# Evaluation Prep

In an AI competition, participants submit their predictions on the test data, which are automatically evaluated. This notebook summarizes the steps that are required for making all the files used in the evaluation process. 

In [10]:
import os
import numpy as np
import random
import pandas as pd
import cv2

We make 3 different files:
* **answer.csv** - A csv file containing the building location mask for each image in the test dataset. The csv file has 4 columns:
    * 'img_id' - Name of the test image.
    * 'class' - Type of feature for which we find masks. In this case, the only class is 'building'.
    * 'prediction' - The location of the pixels corresponding the the given feature. The mask is in RLE format.
    * 'public' - Boolean value indicating whether the image is part of the public test set or private (hidden) test set.
* **sample_submission.csv** - An example csv file that shows how prediction files should be formatted.
    * It has all the same columns as the *answer.csv* file besides the 'public' column.
    * The rows are in the same order as in the *answer.csv* file.
* **evaluate.py** - Python script that takes the *answer.csv* file and prediction files rom participants and calculates the final score.

## answer.csv

#### RLE
We begin by loading the recordings.

In [5]:
testmask_path = '/workspace/Competition/map_segmentation/data/final/test/masks'
test_masks = os.listdir(testmask_path)

In [7]:
test_masks[0:10]

['ODJ0HKc0Vq.png',
 '6q78aBibSV.png',
 'iTrNBWkgm5.png',
 'eDizgkIT6N.png',
 'OKql19s74U.png',
 'slinDR5sma.png',
 '6n4FRv5pBF.png',
 'gdAZaWX3Mx.png',
 'RRo2o91Cyt.png',
 'aZVQc39P2l.png']

In [9]:
# Function to convert mask to RLE
def mask_to_coordinates(mask):
    flatten_mask = mask.flatten()
    if flatten_mask.max() == 0:
        return f'0 {len(flatten_mask)}'
    idx = np.where(flatten_mask!=0)[0]
    steps = idx[1:]-idx[:-1]
    new_coord = []
    step_idx = np.where(np.array(steps)!=1)[0]
    start = np.append(idx[0], idx[step_idx+1])
    end = np.append(idx[step_idx], idx[-1])
    length = end - start + 1
    for i in range(len(start)):
        new_coord.append(start[i])
        new_coord.append(length[i])
    new_coord_str = ' '.join(map(str, new_coord))
    return new_coord_str

We use the function above to convert our png image mask to a string containing RLE coordinates.

In [11]:
recid = []
rles = []

for imask in test_masks:
    maskpath = os.path.join(testmask_path, imask)
    mask = cv2.imread(maskpath, cv2.IMREAD_GRAYSCALE)
    rle = mask_to_coordinates(mask)
    recid.append(imask)
    rles.append(rle)

#### Public vs. Private

We now randomly select files to be either part of the public (30%) test set or private (70%) test set. 

In [12]:
isPublic = []
for i in range(len(recid)):
    samp = np.random.uniform(0,1)
    if samp < 0.3:
        isPublic.append(True)
    else:
        isPublic.append(False)

#### Classes

In [13]:
classes = list(np.repeat('building',len(recid)))

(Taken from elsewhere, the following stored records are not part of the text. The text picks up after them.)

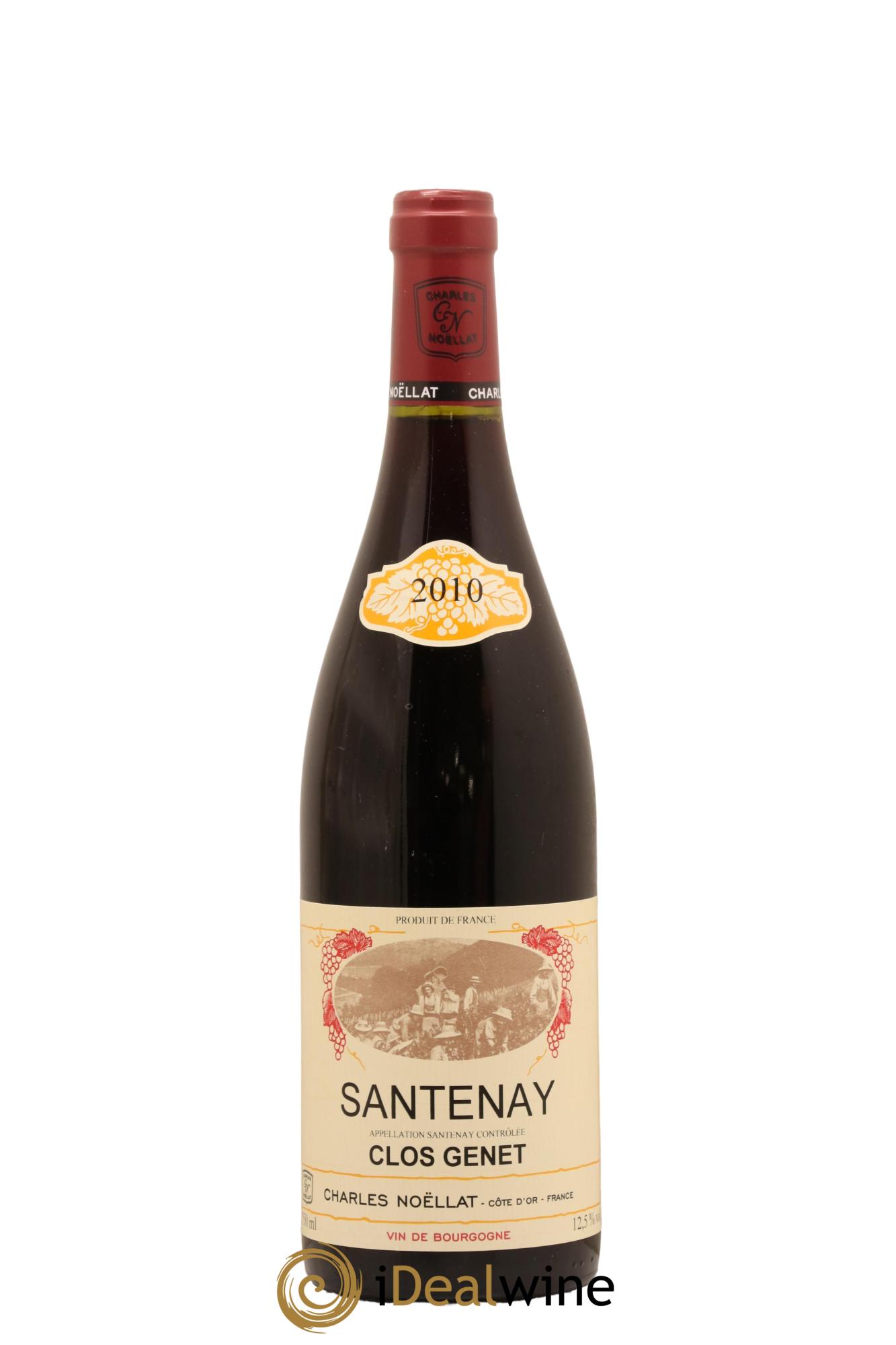 Santenay Clos Genet Domaine Charles Noellat 2010 - Lot de 1 bouteille - 0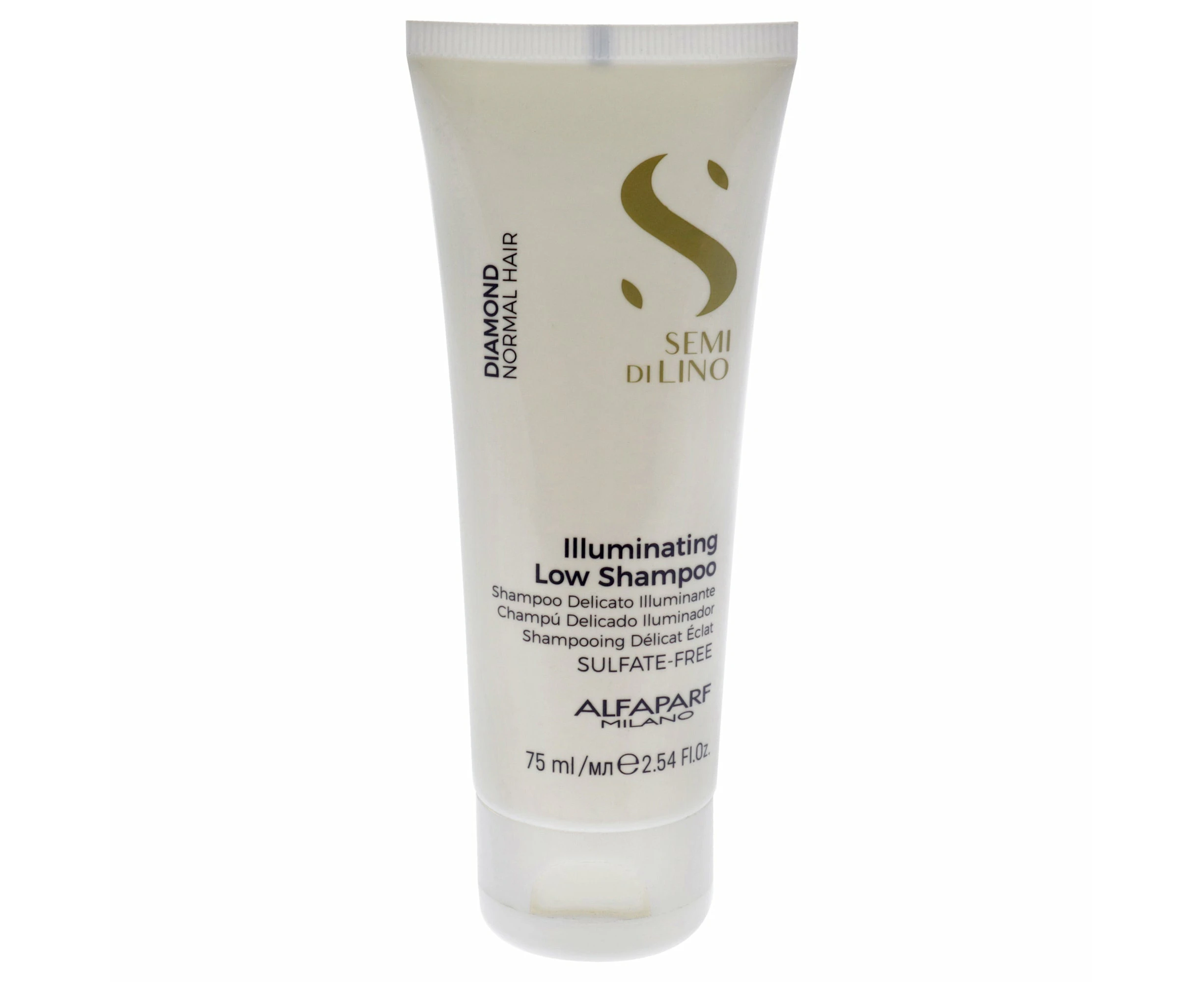 Semi Di Lino Diamond Illuminating Low Shampoo by Alfaparf Milano for Unisex - 2.54 oz Shampoo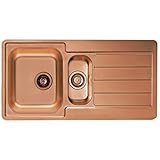 Smeg UM45RA Edelstahl-Spüle Kupfer Unterbau-Spüle Spülbecken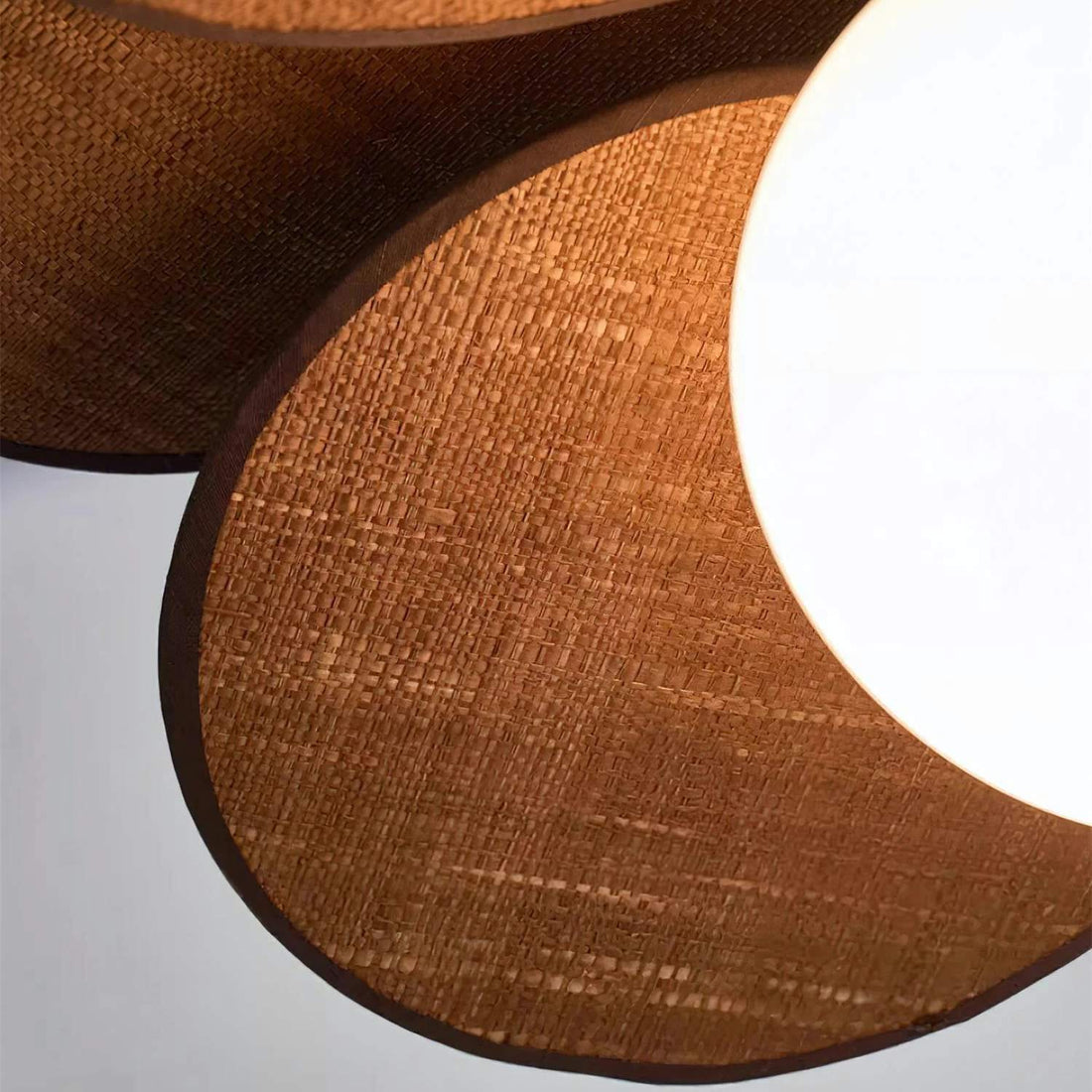 Orrise Artistic Layered Petal Pendant Light - Natural Inspired Lamp for Entryway and Bedroom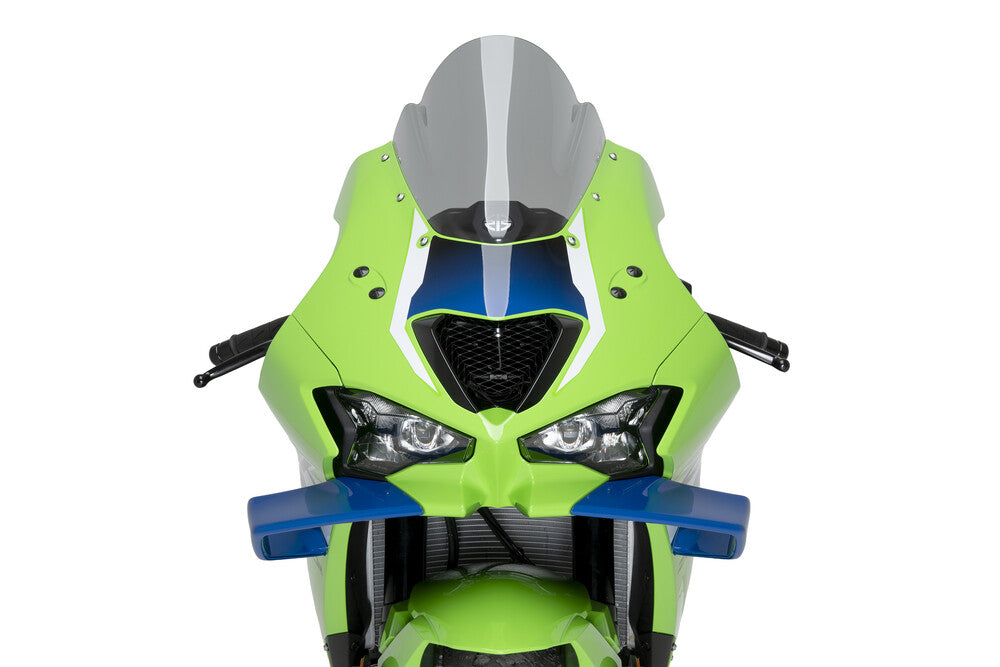 PUIG WINDSCREEN Z-RACING SMOKE KAW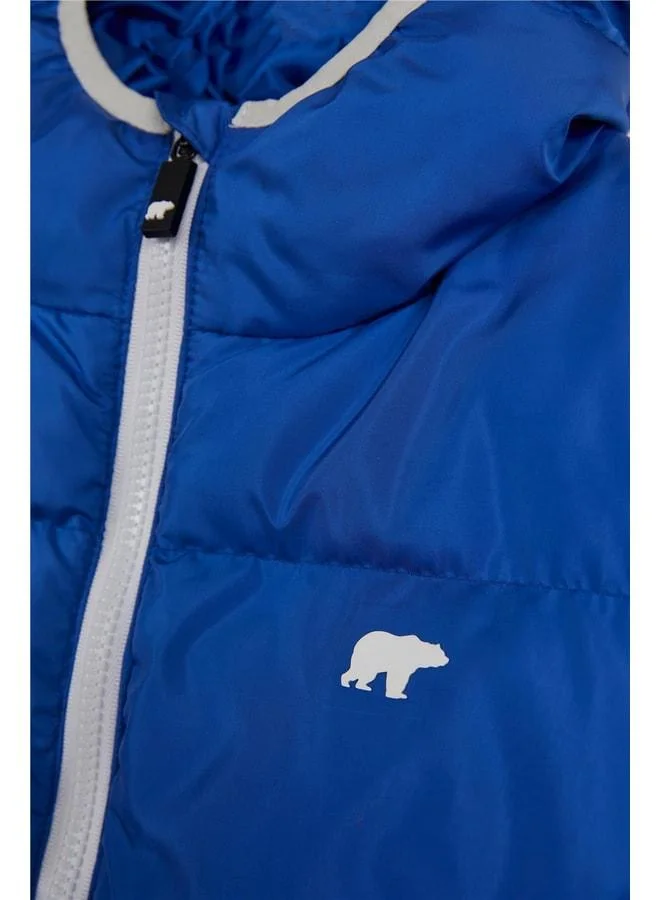 Bad Bear Cedric Saks Blue Children's Puffer Jacket.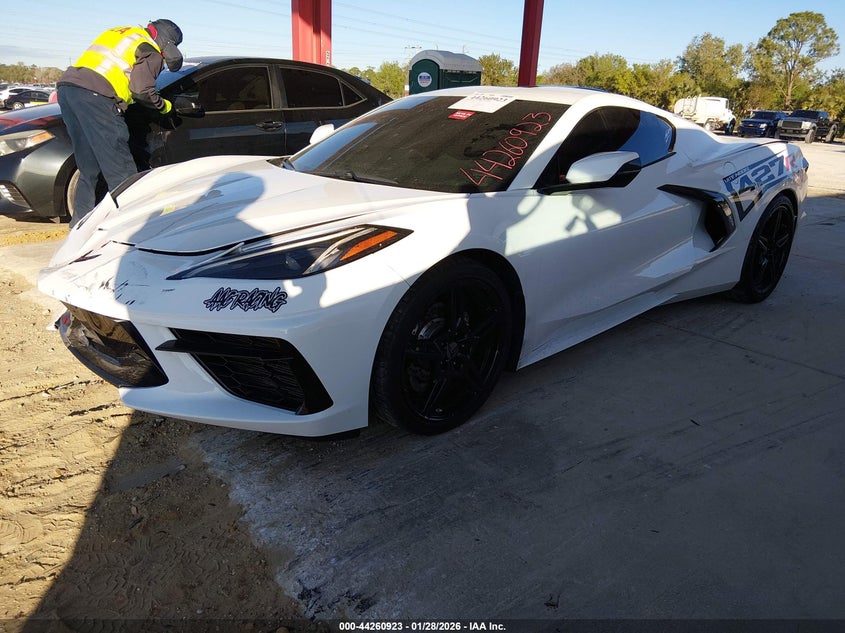 Vin: 1g1y62d46l5106124, lot: 44757200, chevrolet corvette stingray rwd  1lt 20202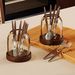 Vintage Fruit Fork Storage Can Stainless Steel Fruit Fork Fruit Spoon Dessert Fruit Signature Can_maomaolike.com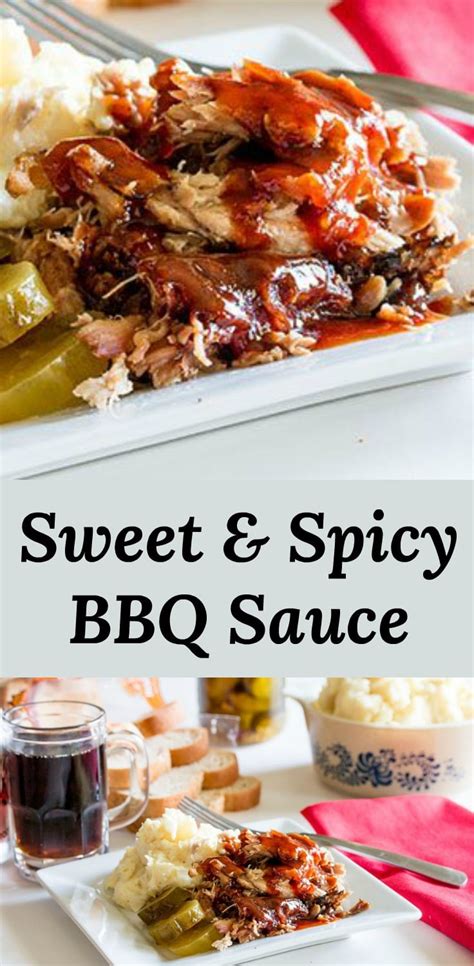 Sweet and Spicy BBQ Sauce Recipe - Pear Tree Kitchen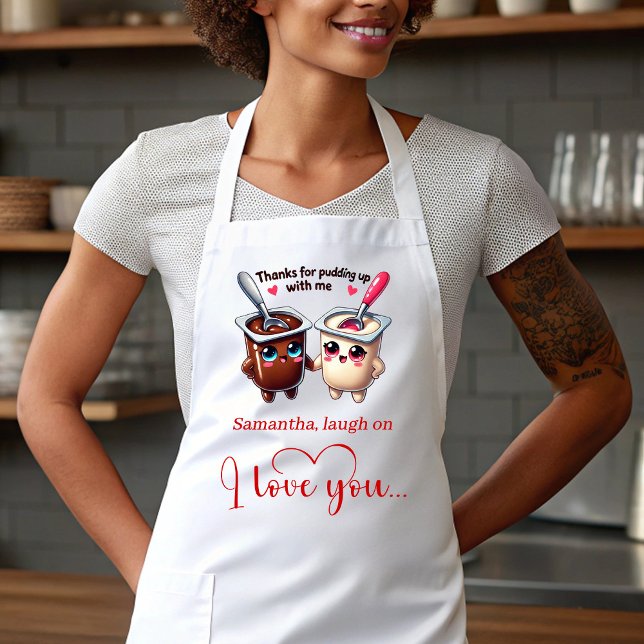 Cadeau personnalisé de tabliers drôles pour mari (Funny Foods Personalized Gift for Husband Apron)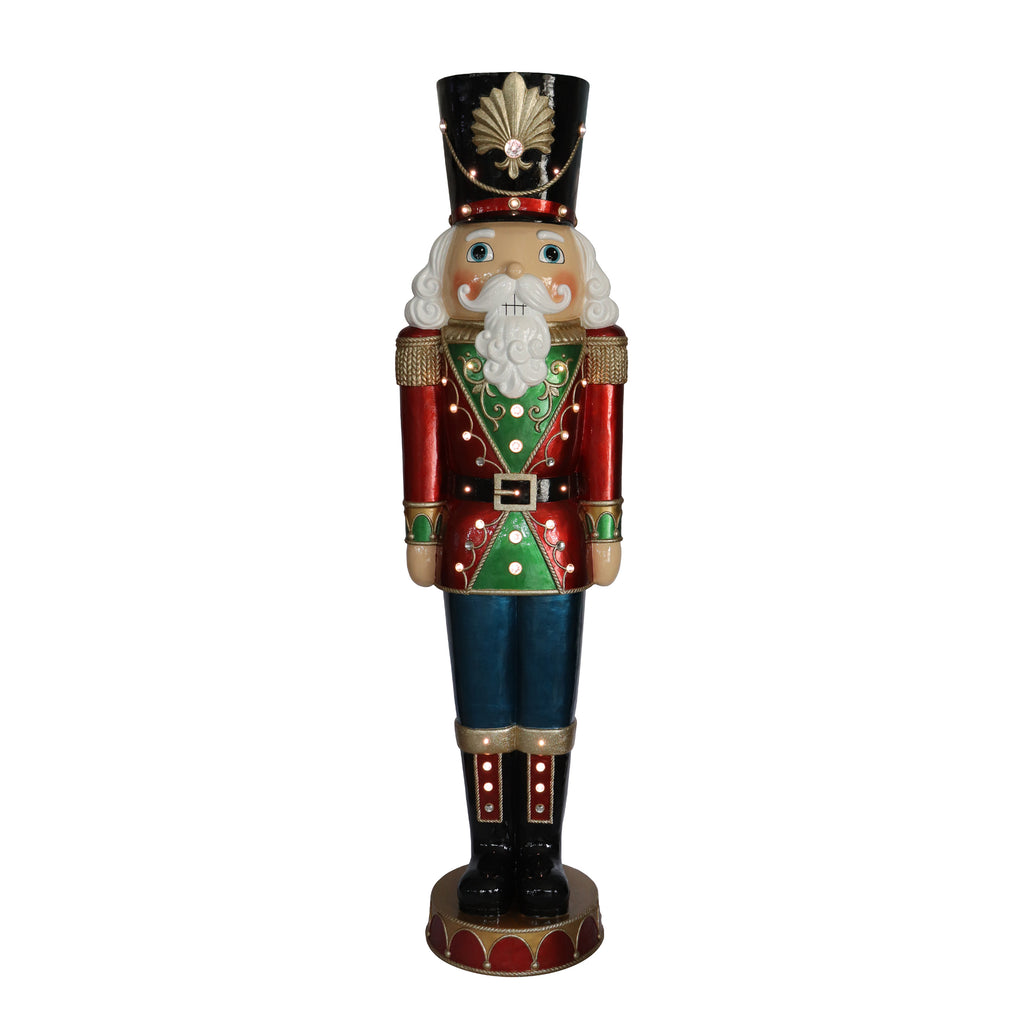 Deluxe Nutcracker with Led Lights & Music 193cm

#### Combine lists to dataframe

In [14]:
answerdf = pd.DataFrame({'img_id':recid, 'class': classes, 'prediction':rles, 'public':isPublic})

In [15]:
answerdf.to_csv('answer.csv',index=False)

## sample_submission.csv

Making the sample_submission file is much simpler now that we already have the answer csv. We give a random mask as the predictions.

In [16]:
samples = []
for i in range(len(recid)):
    samples.append('1 1 3 1 6 3 13 7 23 1 27 2')

In [17]:
ssdf = pd.DataFrame({'img_id':recid, 'class':classes, 'prediction':samples})

In [18]:
ssdf.to_csv('sample_submission.csv', index=False)

## evaluate.py
This file is used to calculate the score of the participant predictions. In the case of this specific task, the performance metric is the mIoU.
* Calculates mIoU based on predictions.
* Both the public and private scores are calculated.